Strategi politik anggaran juga dibuat untuk melumpuhkan gerakan politik masyarakat sipil di Papua yang sebagian besar sudah diberi stigma separatis. Misalnya, Dewan Adat Papua (DAP) yang sudah dilabel separatis mengalami kelumpuhan kegiatan karena sulitnya bantuan dana kegiatan dari Pemprov maupun Pemkab atau Pemkot. Organisasi-organisasi lain yang kritis terhadap pemerintah juga mengalami hal ini. Keketatan ini berbanding terbalik dengan toleransi yang tinggi terhadap korupsi yang dilakukan oleh pejabat-pejabat Pemprov dan Pemkab.

Politik Defisit

Mungkin benar bahwa dengan pemekaran, kekuatan separatis di Papua lumpuh. Setidaknya dengan pemekaran Irjabar, kekuatan politik di tanah Papua terpecah. Energi pemimpin Papua di wilayah Irjabar menjadi terpecah dan teralihkan pada pertarungan dan perebutan sumber daya politik di provinsi baru ini. Belum lagi pilkada gubernur, bupati, maupun walikota di wilayah ini.

Mungkin benar juga bahwa banyak aktivis Papua pro-kemerdekaan beralih kesibukannya ke dalam dinamika pemekaran provinsi dan kabupaten baru. Dengan demikian, agenda-agenda politik yang dianggap berbau separatis seperti rekonsiliasi, dialog, dan lain-lain tidak lagi menarik karena tidak ada kekuasaan dan uang di sana. Apalagi dengan politik anggaran terselubung yang sudah dirasakan ‘manfaat’nya dalam melemahkan gerakan-gerakan kemasyarakatan tersebut.
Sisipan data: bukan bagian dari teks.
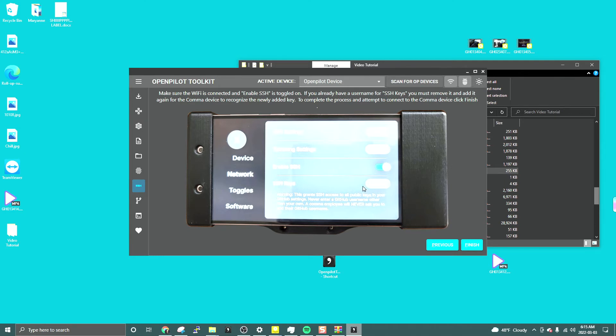What I'm going to do is remove my name and put it back again, because since it's a new key, I need to re-add it. I'll be back in a few seconds.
Tetapi apa manfaatnya strategi pemekaran tersebut bagi penguatan bangunan politik RI dalam hubungannya dengan konflik Papua? Pemekaran tidak hanya melumpuhkan gerakan separatis di Papua, tetapi juga pemerintahan sipil resmi di Papua dan sekaligus melumpuhkan kekuatan masyarakat sipil di Papua.
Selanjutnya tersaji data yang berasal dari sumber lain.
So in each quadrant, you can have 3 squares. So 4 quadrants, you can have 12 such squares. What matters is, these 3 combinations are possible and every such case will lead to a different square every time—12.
Para elit Jakarta sudah mengorbankan terlalu banyak hal demi pemekaran. Hasilnya, pertama, uang negara dan rakyat akan dihabiskan untuk belanja infrastruktur provinsi dan kabupaten baru. Kedua, medan korupsi pasti akan meluas. Ketiga, kualitas pelayanan publik akan semakin buruk karena pemekaran selalu diidentikkan dengan penguasaan semua jabatan oleh orang asli Papua yang sumber dayanya amat terbatas. Keempat, di luar sektor pemerintahan, terutama ekonomi, dominasi pendatang akan semakin kuat dan meluas, semakin membenamkan orang asli Papua yang memang sudah lama tersingkir. Kelima, korban paling menderita adalah mayoritas rakyat asli Papua yang tidak memiliki akses apa pun pada penjarahan uang Otsus mereka.

UU Otsus akan benar-benar kehilangan arti. Sia-sia sudah perjuangan banyak pemimpin politik dan intelektual Papua untuk menghasilkan jalan tengah yang bermartabat bagi Papua dan Indonesia. Janji-janji untuk membangun Papua Baru yang mencakup paradigma baru pembangunan Papua, papuanisasi, rekonsiliasi, dan dialog seperti yang tertera dalam UU Otsus hanya akan menjadi wacana pinggiran yang segera terlupakan.

Jaminan politik Papua sebagai bagian dari NKRI sebenarnya terletak pada UU 21/2001 tentang Otsus. Berkali-kali negara-negara besar seperti Amerika Serikat, Australia, dan negara-negara Uni Eropa mendukung klaim Indonesia atas Papua dengan dasar adanya UU Otsus tersebut. Dengan pelaksanaan pemekaran dan pengabaian UU ini dalam kebijakan pemerintah pusat akan mengakibatkan runtuhnya dasar pengakuan kalangan internasional terhadap status politik Papua.